Our Hebrew (both Classical and Modern) units cater for students at different entry points and develop high levels of linguistic skills. Classical and Biblical Hebrew will introduce you to the thought world of the Bible as you read biblical and other texts from the ancient world like the Dead Sea Scrolls in the original language. In Modern Hebrew, you will speak, read and write in Hebrew as a way of learning the language. Our Jewish Civilisation and Holocaust Studies will introduce you to the most representative intellectual movements and thinkers from Post-Biblical times, through the Middle Ages to the present.

Your studies at the University of Sydney can be usefully complemented by attending a semester through official exchange in one of our partner universities in Israel, in Jerusalem Haifa and Tel Aviv, including scholarship assistance at the Hebrew University of Jerusalem

We have an outstanding graduate program with a significant number of doctoral students and a general Masters degree as well as a Masters in Holocaust Studies taught jointly with the Department of History. As well, the department is a partner in the Master of Museum and Heritage Studies

For students considering a future in teaching the Hebrew language, the Faculty of Education at the University of Sydney offers a teacher education program focussing on teaching language at both primary and secondary levels.

The teaching and learning programs offered through the department are sustained by a number of generous benefactors: The Malka Einhorn Lectureship in Modern Hebrew and support from the Roth Foundation.

History of the Hebrew Biblical and Jewish Studies department

The Department of Hebrew, Biblical and Jewish Studies was founded in 1945 as the Department of Semitic Studies, headed by Evan MacLaurin until his retirement in 1978. During this period, the department developed programs in Classical Hebrew and Arabic along with other ancient Semitic languages such as Aramaic and Ugaritic. Both Modern and Mishnaic Hebrew were taught as options within the Classical Hebrew program. Upon Professor MacLaurin’s retirement, Professor Emeritus Rifaat Ebied served as Foundation Professor of Semitic Studies and was Department Head until the appointment of the late Professor Emeritus Alan Crown, who, until his retirement in 1997, served as Head of Department as well as a personal chair.
Following the creation of separate schools in the Faculty of Arts and Social Sciences in January 2003, the Department of Semitic Studies separated into


Arabic Language and Cultures and Hebrew, Biblical and Jewish Studies within the then School of Languages and Cultures. After being housed in the main quadrangle for a quarter of a century, the department moved into Brennan MacCallum in June 2004. In 2011, the Florence Melton School of Adult Jewish Learning offering Jewish thought and culture courses began operating through the department and CCE.

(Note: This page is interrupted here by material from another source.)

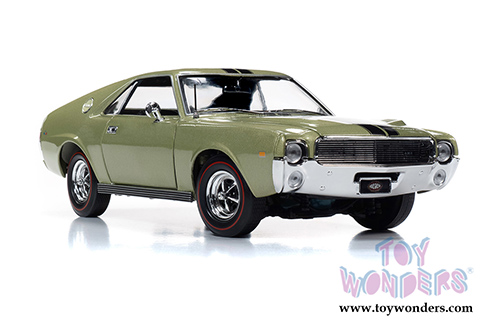Auto World American Muscle -  AMC AMX Muscle Car & Corvette Nationals (MCACN) (1968, 1/18,1/64 scale diecast model car, Light Green Metallic) AMM1214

The department is fortunate to have received some generous benefactions, including the Roth Foundation. The late Stefan and Felicia Einhorn Fund supports the entire Modern Hebrew Program, one full-time lectureship in Classical Hebrew/Biblical Studies as well as casual teaching in these areas, and casual teaching in Jewish Civilisation. In addition, the Sir Zelman Cowen Universities Fund supports student and academic exchange between the University of Sydney and the Hebrew University of Jerusalem. Mandelbaum House, the Jewish residential college at the University of Sydney, opened in 1995, provides support for the department’s postgraduate programs.